Copy the following data exactly and drop the pictures.

Recorded data:
* * *

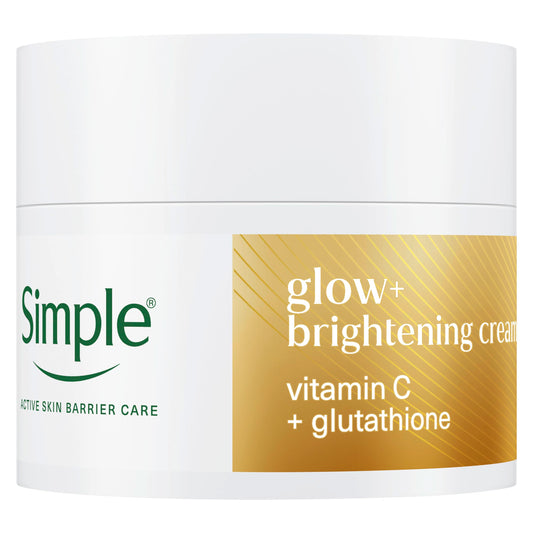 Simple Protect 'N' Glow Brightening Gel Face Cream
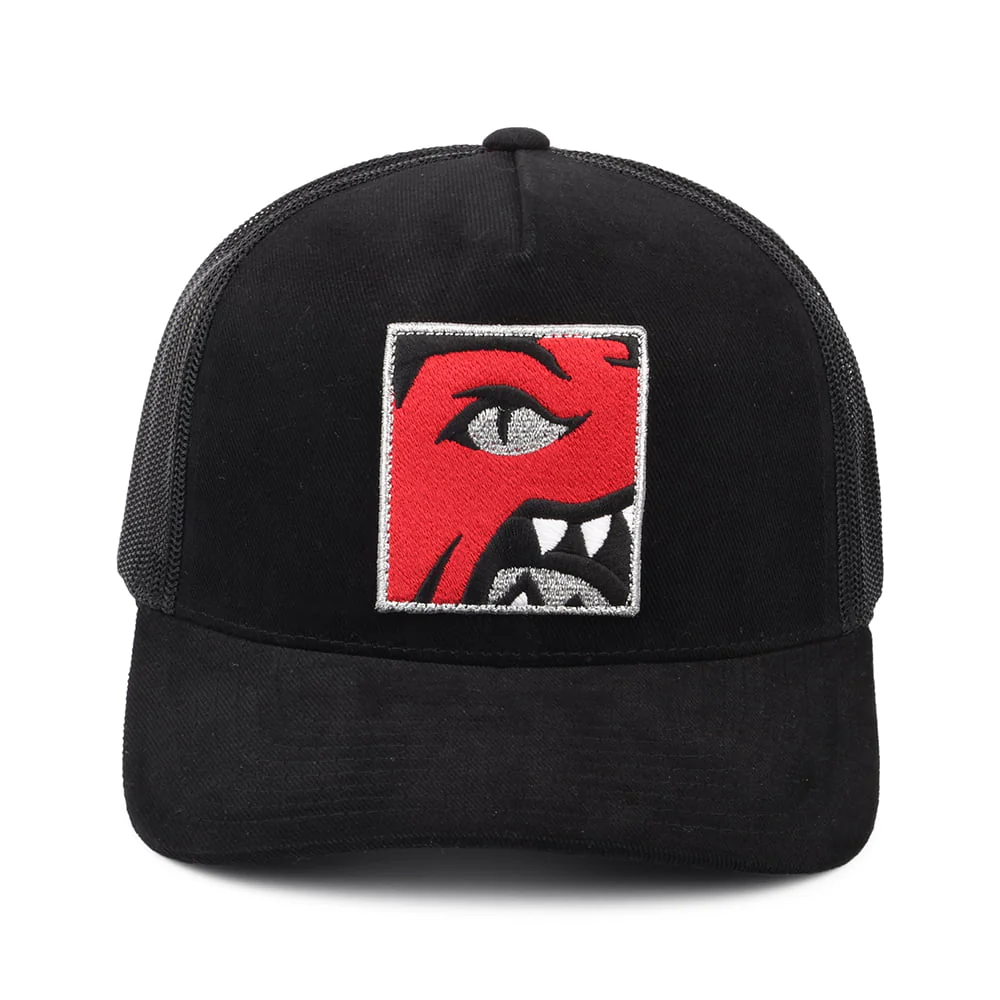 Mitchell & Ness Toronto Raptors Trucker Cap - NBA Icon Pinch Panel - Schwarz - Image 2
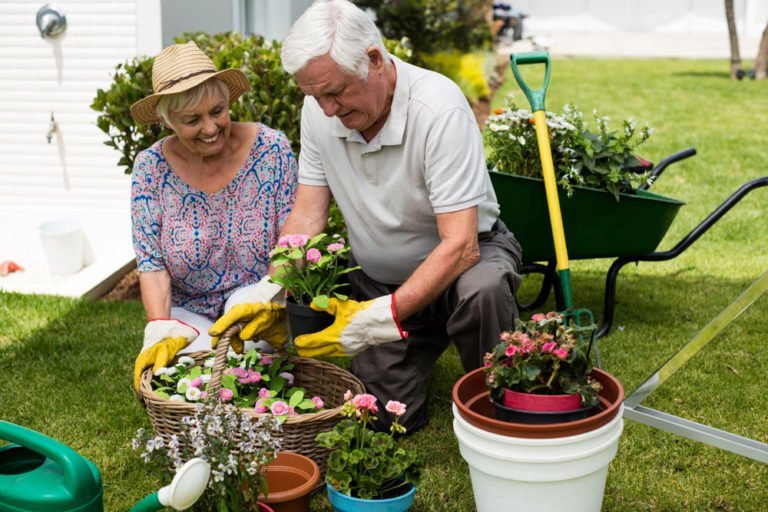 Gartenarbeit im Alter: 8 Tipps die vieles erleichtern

* * *

Task result:
 Simple Protect 'N' Glow Brightening Gel Face Cream
 Mitchell & Ness Toronto Raptors Trucker Cap - NBA Icon Pinch Panel - Schwarz - Image 2
 Gartenarbeit im Alter: 8 Tipps die vieles erleichtern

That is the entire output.